I probably shan’t, but some composer with a penchant for dance might could write the Cthulhu Toodle-oo.

But enough of what I shan’t do. What shall I? Firstly there is prep for our rehearsals (beginning in less than two weeks) for Triad’s November concerts. There is a case to be made, that I ought to have done some of that work today, but I am giving my brain a post-Opus 172 breather.
On 7 Oct there is the Lowell Celebrates Kerouac do. Happily, others are doing most of the work there.
In November, Ensemble Aubade will bring the Oxygen Footprint on tour to the Southlands.
Almost certainly not until the Triad concerts are done, I need to clean up the layout of The Lungs. If in the meanwhile I do feel I have any composition capacity, I can work on the next Opus 169 organ piece. We shall see if as early as Christmas I may be able to work on the Opus 174, the Symphony № 3 for strings in memoriam Louis Andriessen.

For now, though, I’m taking the evening off.

30 August 2021

Soliloquy in the form of a Blog Post

Anyone who relies on Andrew Lloyd Webber for theological guidance, is born unto unrelievable suffering.
Porridger’s Almanack (Breakfast of Ganglions)

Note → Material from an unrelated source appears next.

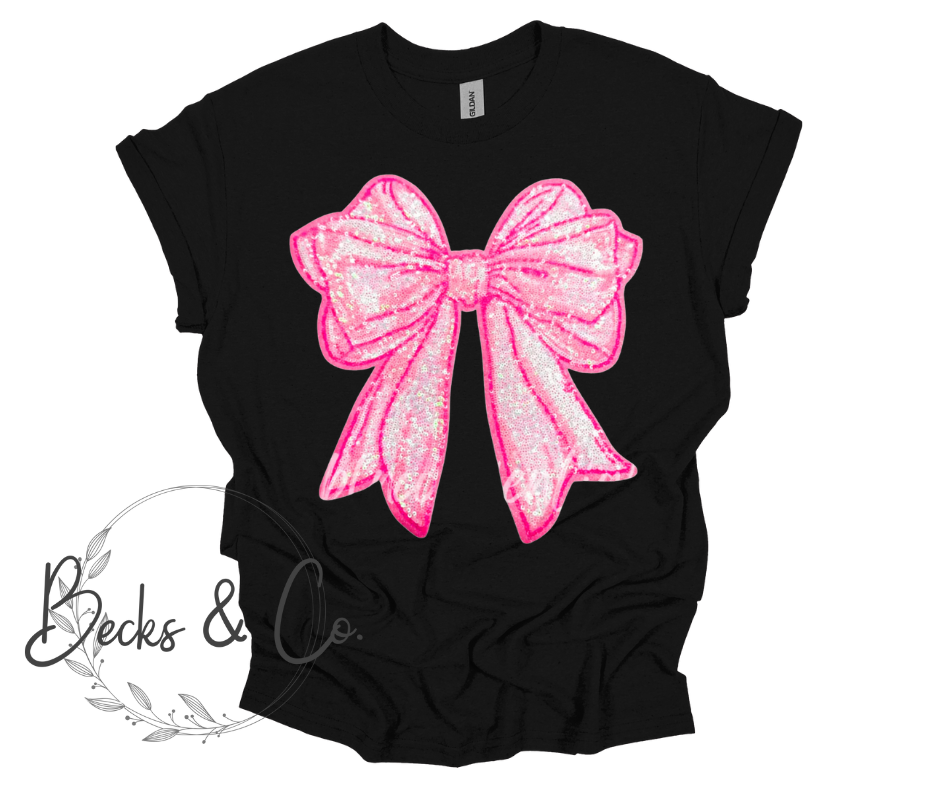 Pink Bow - Large Sequin Design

Give us something else; give us something new; for Heavens sake give us something bad, so long as we feel we are alive and active and not just passive admirers of tradition!

— Carl Nielsen

So, the Kerouac piece is done and delivered. I dig it and believe it will represent me well. It’s a piece which (honestly) I would have written simply with the promise of a performance, but in equal honesty it’s a piece I feel comfortable being paid for. I don’t know just how much, still. I’m not saying that I haven’t been curious.

I didn’t ask earlier. Why? If in the back of my mind I somehow posit a sum, what if the actual sum is much less? I felt that for the time being ignorance was preferable to possible disappointment. And I did not want, while I was at work on the piece, for such a disappointment to serve as impedance against my compositional electricity. And now, whatever the sum, I shall be pleased with it.

29 August 2021

The Opus 172 Finished

elite tile risqué squire scarecrow in escrow.
Postcards From Red Squirrel Trail

There were some really funny people out there on the air [in Cleveland, Ohio], and I just loved the idea that they were having fun. I’ve always thought the thing I’ve missed most in life is being in a community where people can have fun doing what they’re doing. Things are so serious that I just wonder sometimes why people even do what they do, if they’re not having fun. I know that sounds naïve, but I mean it sometimes.

— the late, great Peter Bergman

Gentle Reader, I have completed the piece, and in good time. For a while there I wondered if the deadline would best me. On the 17th, I had reached a point when I thought the goal was in easy sight. I had what seemed a good idea for proceeding, but I couldn't shape it to my satisfaction. I was visited by a second idea which also seemed a good ’un, and which seemed to possess the additional virtue of helping me to get on with the first idea. But it was all rubbish. With a 1 September deadline looming, I knew I had to roll up my sleeves this weekend.  None of my work Saturday morning or early afternoon was worthy of the piece—and I remembered: the eraser is your friend, Karl. I knew I had to excise everything I had been throwing at the score since the 17th, and start fresh, sketching something completely different to the ideas which, for all their seeming so good in the abstract, were a dead end. I set to the fresh work this morning, and that was all I needed. The piece is done and now I have a couple of days to prep the parts. The piece is still going to need a soprano who knows no fear ....

15 August 2021

Coming Into the Home Stretch

Gnarly lasagne with putative pepperoni.
Postcards From Red Squirrel Trail

‘... I've hardly any possessions, almost no friends.’
‘I’m a friend,’ said Russell cheerfully.
‘No, Russell, you aren’t a friend. You have an interesting mind, despite being English, but I wouldn’t say that you were my friend. On the whole I find you vain and frivolous.’ Russell reminded himself quietly that candour was a virtue.

— Terry Eagleton, from “Saints and Scholars”

I think I am now finished with the fifth chorus (90) of the Op. 172. Almost at the seven-minute mark, which is just right to pace out the rest. And, speaking of rest, yes, I think I should, thanks.